Two cable modem connections one coax run

Can anyone give me the technical details on how or why you can just take one cable run and split it and use two DOCSIS modems simultaneously. In my experience (Bright House Tampabay, 50/5mb service) it works flawlessly but recently someone expressed their doubts about that working properly and I was unable to change their mind and could only insist that in my experience it just worked. What about splitting it into three modems provided you have the db signal strength after the spliting is done?

LazMan
Premium Member
join:2003-03-26
Beverly Hills, CA

LazMan

Premium Member

Cable's a shared medium anyways... Basically, every modem on the node / segement is on a common cable.
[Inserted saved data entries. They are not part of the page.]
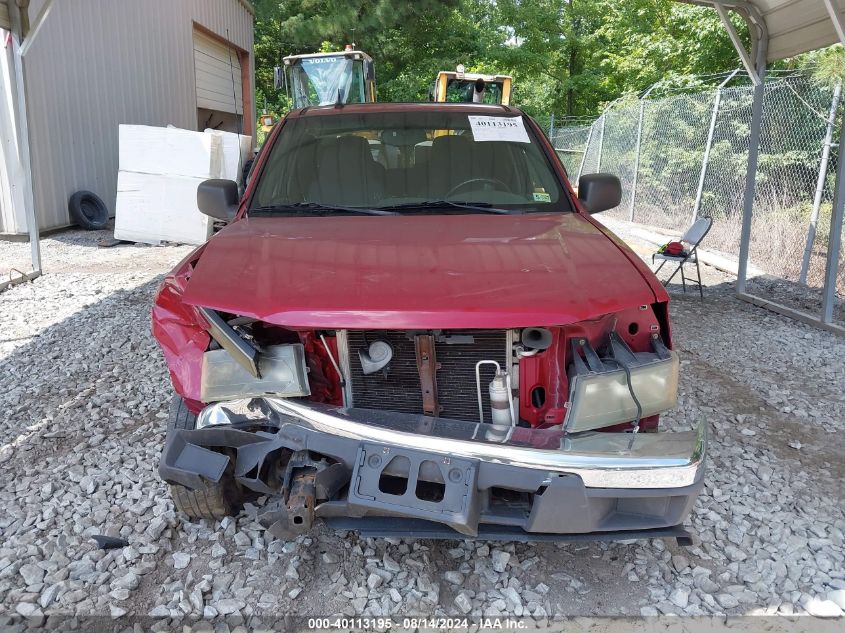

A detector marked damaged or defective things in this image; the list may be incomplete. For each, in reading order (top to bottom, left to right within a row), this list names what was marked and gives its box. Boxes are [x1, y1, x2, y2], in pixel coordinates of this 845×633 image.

damaged red pickup truck [153, 101, 704, 540]
broken headlight [560, 334, 680, 432]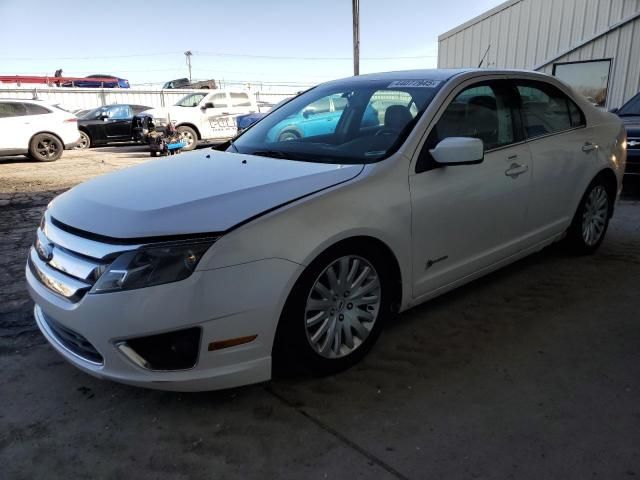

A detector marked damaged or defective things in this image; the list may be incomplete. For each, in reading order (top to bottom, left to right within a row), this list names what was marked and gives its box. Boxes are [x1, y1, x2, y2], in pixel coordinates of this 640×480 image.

damaged vehicle [26, 68, 624, 390]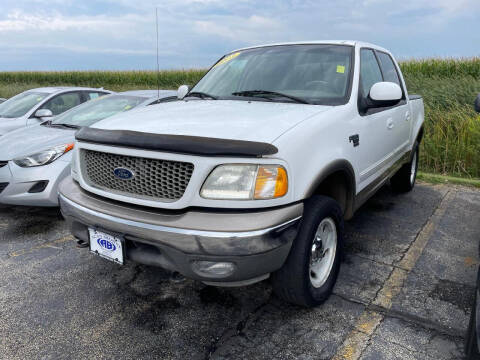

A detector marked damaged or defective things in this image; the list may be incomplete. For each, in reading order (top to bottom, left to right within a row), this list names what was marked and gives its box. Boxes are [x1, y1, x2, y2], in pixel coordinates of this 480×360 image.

cracked asphalt [0, 184, 478, 358]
There's no difference between the modems being side by side in the same room, or one modem in your house, another in your neighbors.

As long as the signal is strong enough, there's no issues having two (or more) modems on the same drop.

Jahntassa
What, I can have feathers
Premium Member
join:2006-04-14
Conway, SC

Jahntassa

Premium Member

said by LazMan:

As long as the signal is strong enough, there's no issues having two (or more) modems on the same drop.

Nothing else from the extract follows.